● ASSIGNMENT:
Please transcribe exactly the line that holds "9291 NW 11th Ct Pembroke Pines, FL 33024" and all lines that follow it to the end of the records below, omitting any pictures.
┌─ WORKING DATA
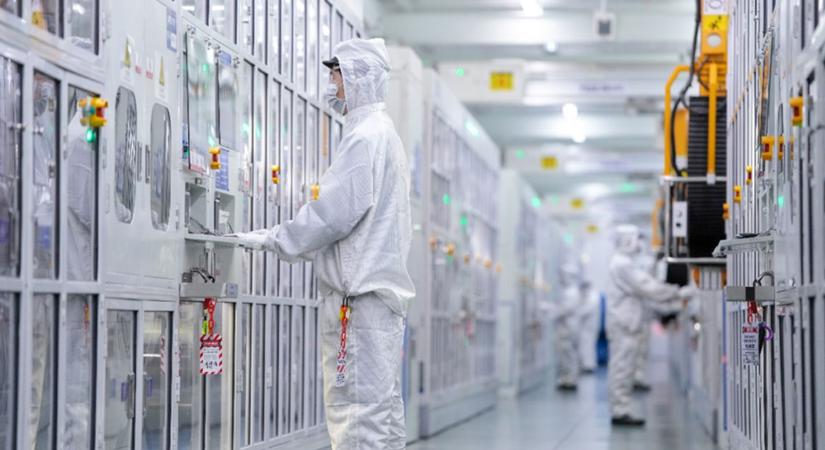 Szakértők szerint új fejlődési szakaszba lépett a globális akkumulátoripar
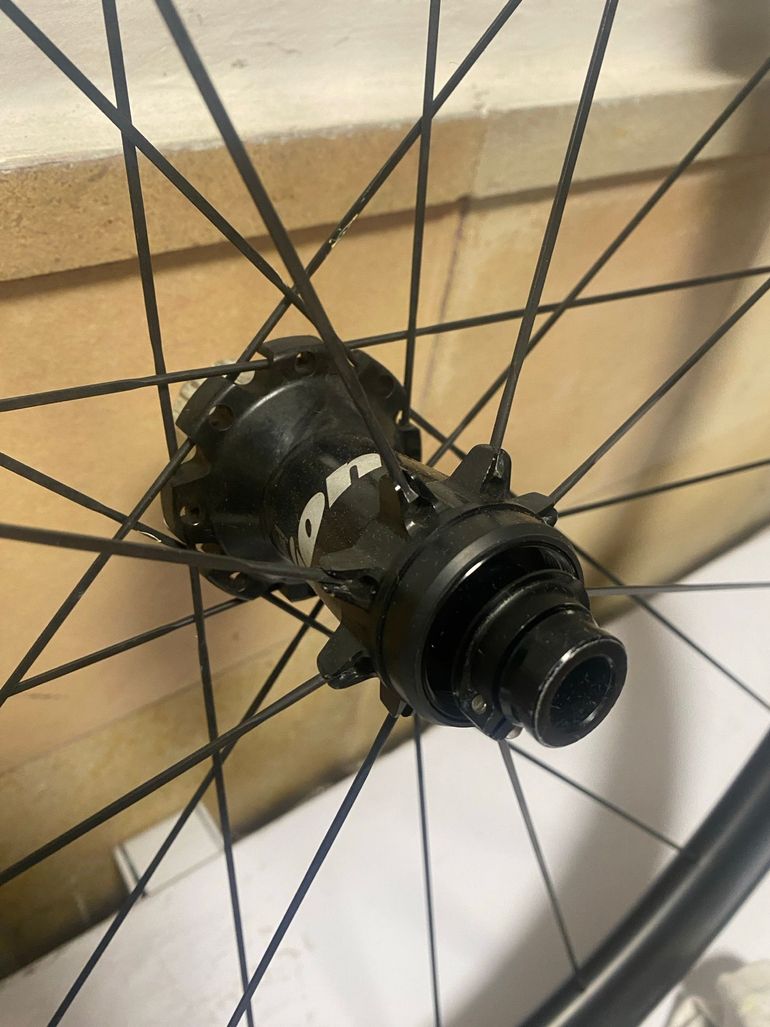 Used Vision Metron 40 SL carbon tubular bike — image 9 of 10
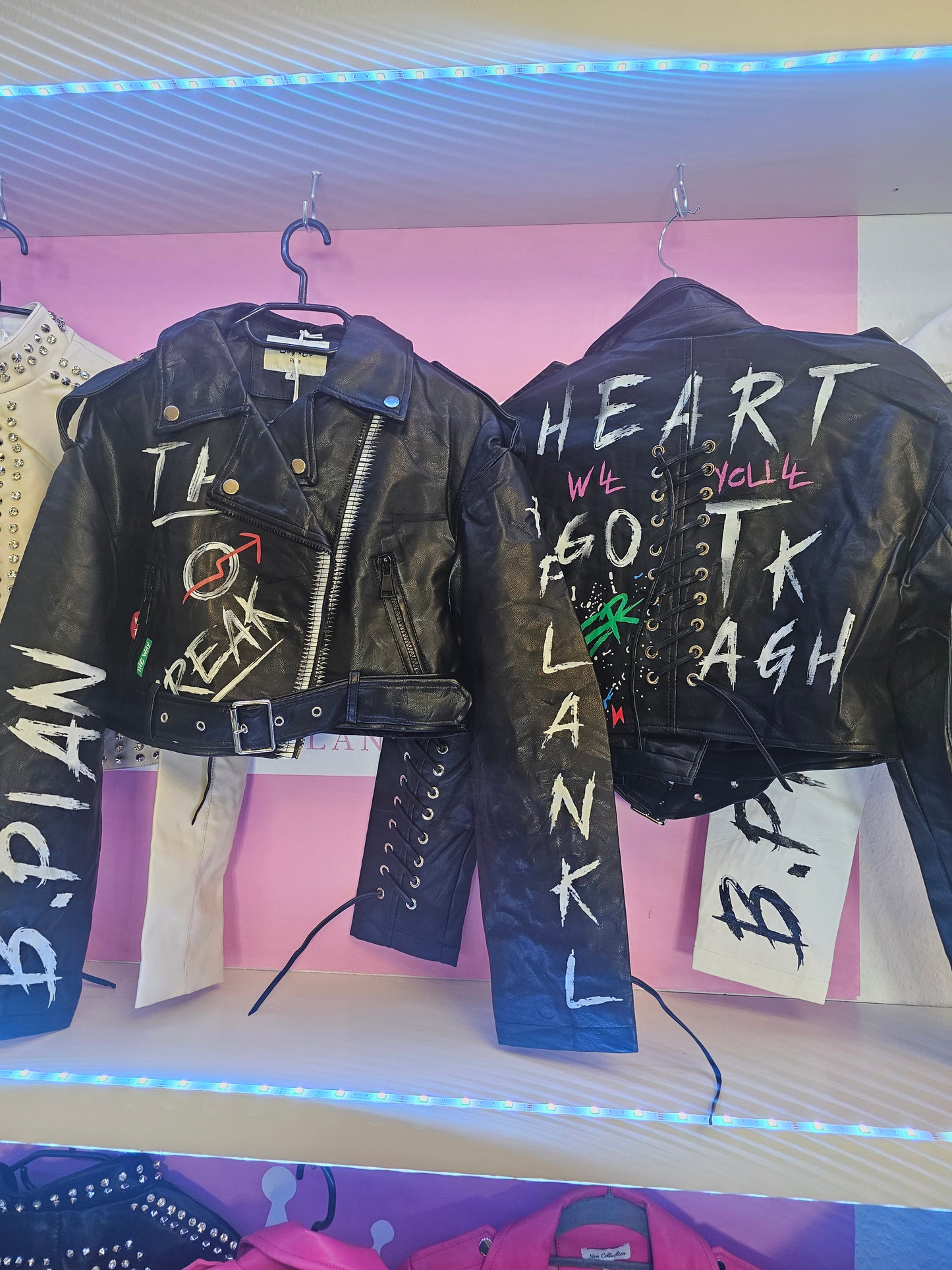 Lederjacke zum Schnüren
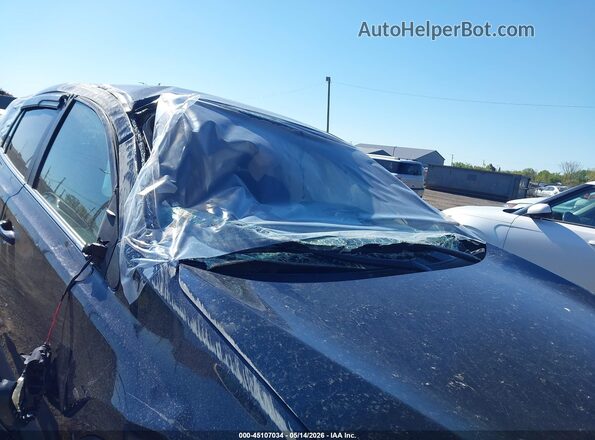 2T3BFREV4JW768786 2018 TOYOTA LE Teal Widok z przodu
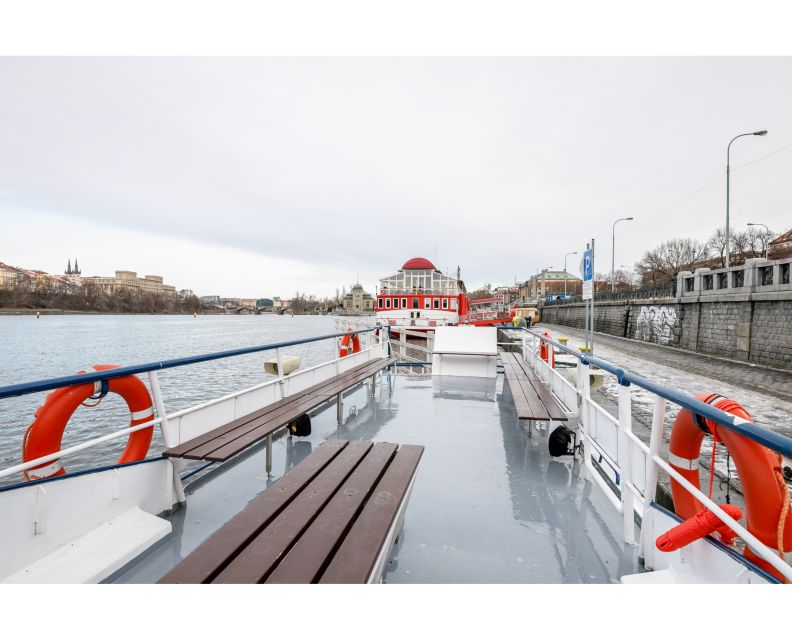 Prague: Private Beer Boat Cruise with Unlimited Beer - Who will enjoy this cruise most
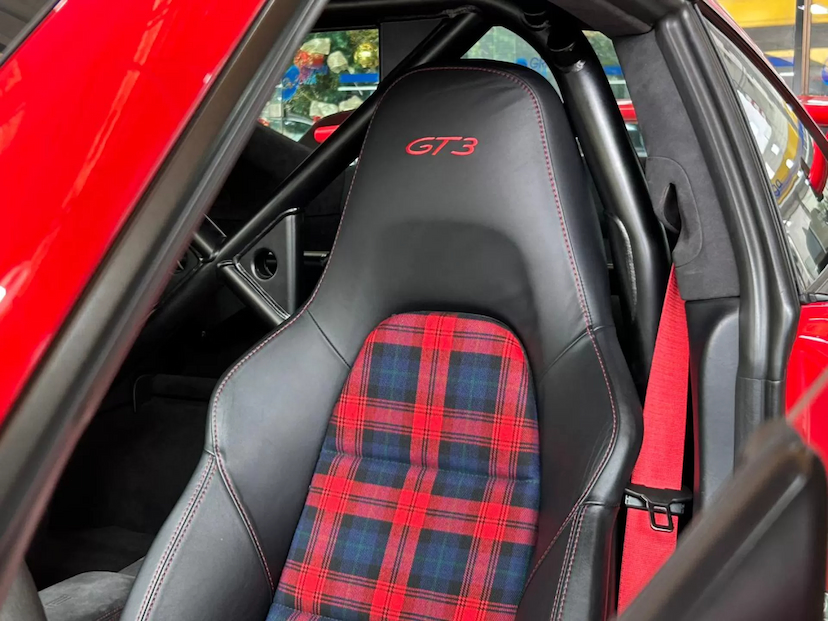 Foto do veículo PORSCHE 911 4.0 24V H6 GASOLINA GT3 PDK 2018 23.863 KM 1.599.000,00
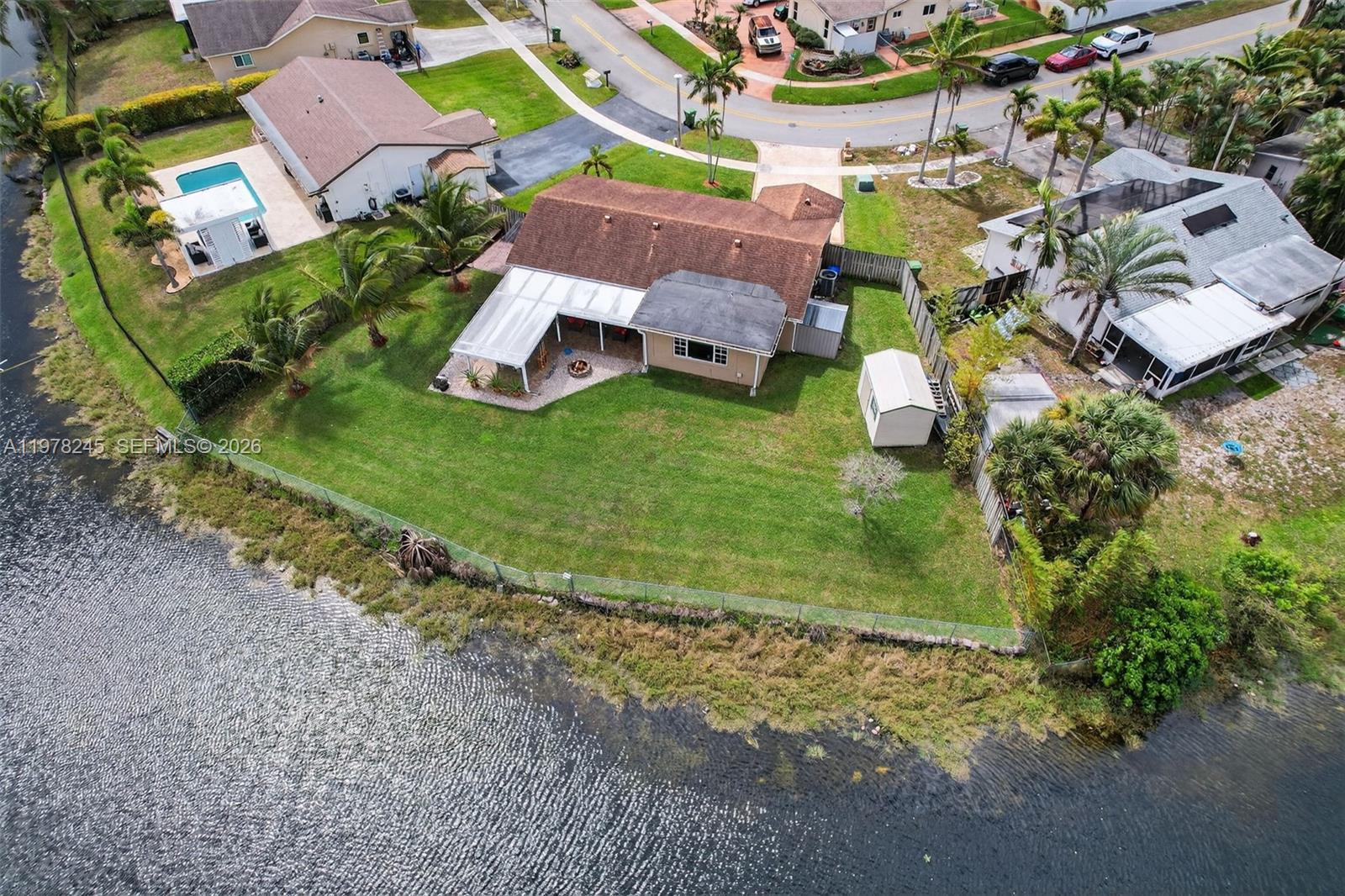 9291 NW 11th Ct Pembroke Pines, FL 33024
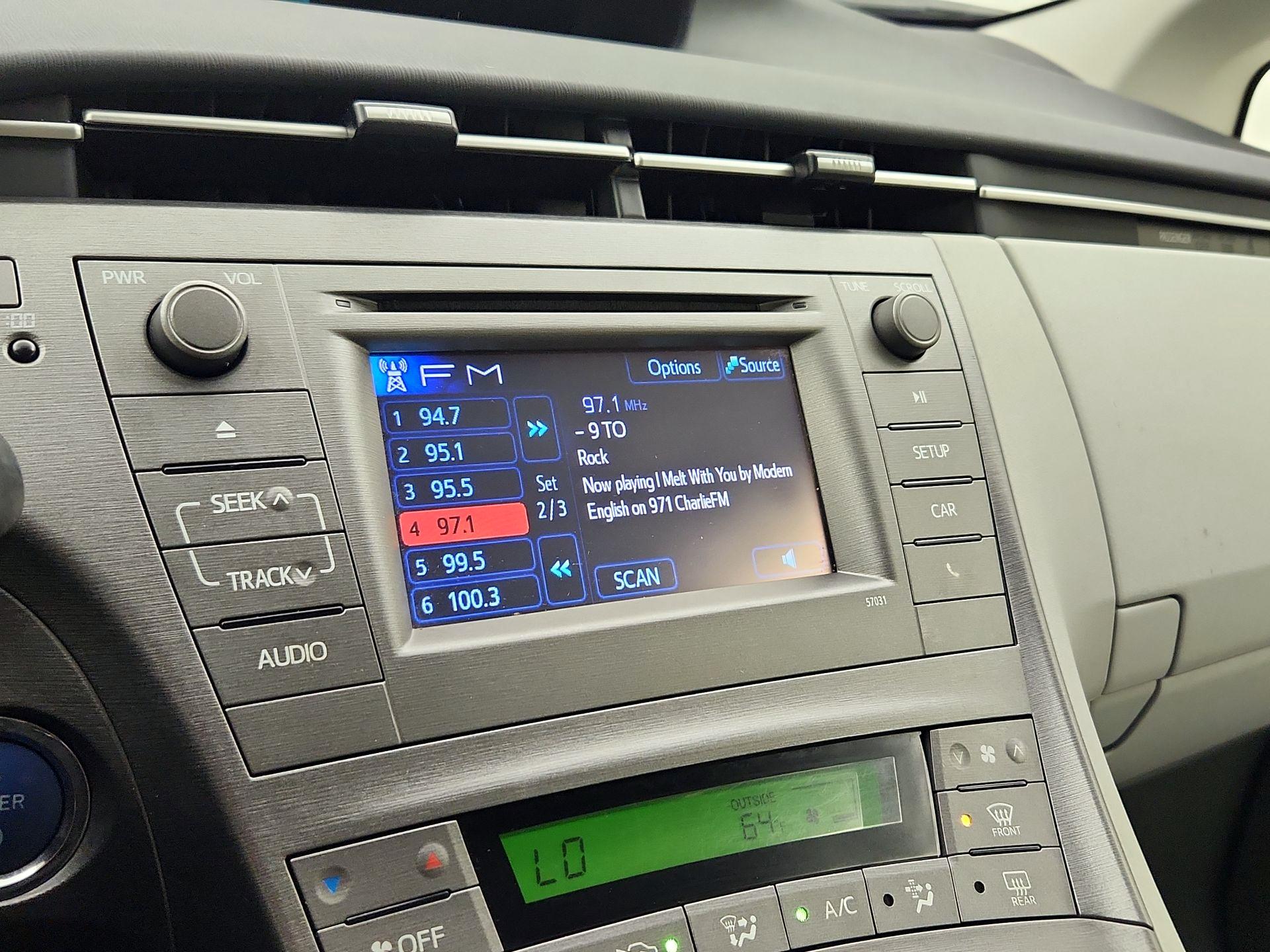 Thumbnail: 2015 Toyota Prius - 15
└─
● RESPONSE TO THE EXERCISE:
 9291 NW 11th Ct Pembroke Pines, FL 33024
 Thumbnail: 2015 Toyota Prius - 15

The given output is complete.